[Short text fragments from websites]
□ □ □ □ □
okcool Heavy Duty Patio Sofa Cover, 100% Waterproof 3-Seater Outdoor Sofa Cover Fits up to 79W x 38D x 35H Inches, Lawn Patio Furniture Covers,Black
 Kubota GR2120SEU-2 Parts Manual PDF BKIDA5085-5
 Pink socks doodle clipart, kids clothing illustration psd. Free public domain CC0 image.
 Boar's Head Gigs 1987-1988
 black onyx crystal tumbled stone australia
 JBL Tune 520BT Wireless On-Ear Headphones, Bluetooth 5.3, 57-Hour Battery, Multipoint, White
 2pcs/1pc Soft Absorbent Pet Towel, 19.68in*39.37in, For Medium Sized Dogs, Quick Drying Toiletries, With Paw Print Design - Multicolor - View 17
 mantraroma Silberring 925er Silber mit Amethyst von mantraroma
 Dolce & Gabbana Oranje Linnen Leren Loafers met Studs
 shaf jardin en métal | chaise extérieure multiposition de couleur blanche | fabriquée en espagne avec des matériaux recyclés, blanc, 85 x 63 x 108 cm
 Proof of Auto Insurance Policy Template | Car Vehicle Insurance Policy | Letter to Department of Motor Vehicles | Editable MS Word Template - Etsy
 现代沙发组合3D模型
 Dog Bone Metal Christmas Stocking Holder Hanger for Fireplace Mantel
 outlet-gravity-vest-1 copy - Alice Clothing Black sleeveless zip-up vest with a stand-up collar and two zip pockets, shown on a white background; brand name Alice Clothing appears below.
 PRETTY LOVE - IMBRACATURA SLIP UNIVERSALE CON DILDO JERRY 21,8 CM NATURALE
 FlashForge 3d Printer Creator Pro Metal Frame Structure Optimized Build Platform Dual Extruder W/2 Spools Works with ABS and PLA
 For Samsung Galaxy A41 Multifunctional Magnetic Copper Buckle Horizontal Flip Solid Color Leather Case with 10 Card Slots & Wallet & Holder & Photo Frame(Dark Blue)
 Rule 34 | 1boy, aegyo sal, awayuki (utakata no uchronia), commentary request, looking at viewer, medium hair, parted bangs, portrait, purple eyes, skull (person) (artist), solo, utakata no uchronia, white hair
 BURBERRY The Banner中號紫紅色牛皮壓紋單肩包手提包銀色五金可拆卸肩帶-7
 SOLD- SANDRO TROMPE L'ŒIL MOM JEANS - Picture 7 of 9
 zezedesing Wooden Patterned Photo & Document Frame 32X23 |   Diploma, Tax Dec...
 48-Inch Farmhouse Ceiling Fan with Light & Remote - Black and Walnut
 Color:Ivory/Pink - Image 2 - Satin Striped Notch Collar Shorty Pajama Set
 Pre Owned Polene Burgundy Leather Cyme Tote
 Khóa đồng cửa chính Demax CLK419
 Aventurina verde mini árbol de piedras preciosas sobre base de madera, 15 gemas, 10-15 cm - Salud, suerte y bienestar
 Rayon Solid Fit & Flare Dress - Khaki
□ □ □ □ □
→ **What to produce**
Set down, exactly as they appear above, all lines from the one that has "BURBERRY The Banner中號紫紅色牛皮壓紋單肩包手提包銀色五金可拆卸肩帶-7" down to the one that has "48-Inch Farmhouse Ceiling", including those two and no others.

→ **Solution for this task**
 BURBERRY The Banner中號紫紅色牛皮壓紋單肩包手提包銀色五金可拆卸肩帶-7
 SOLD- SANDRO TROMPE L'ŒIL MOM JEANS - Picture 7 of 9
 zezedesing Wooden Patterned Photo & Document Frame 32X23 |   Diploma, Tax Dec...
 48-Inch Farmhouse Ceiling Fan with Light & Remote - Black and Walnut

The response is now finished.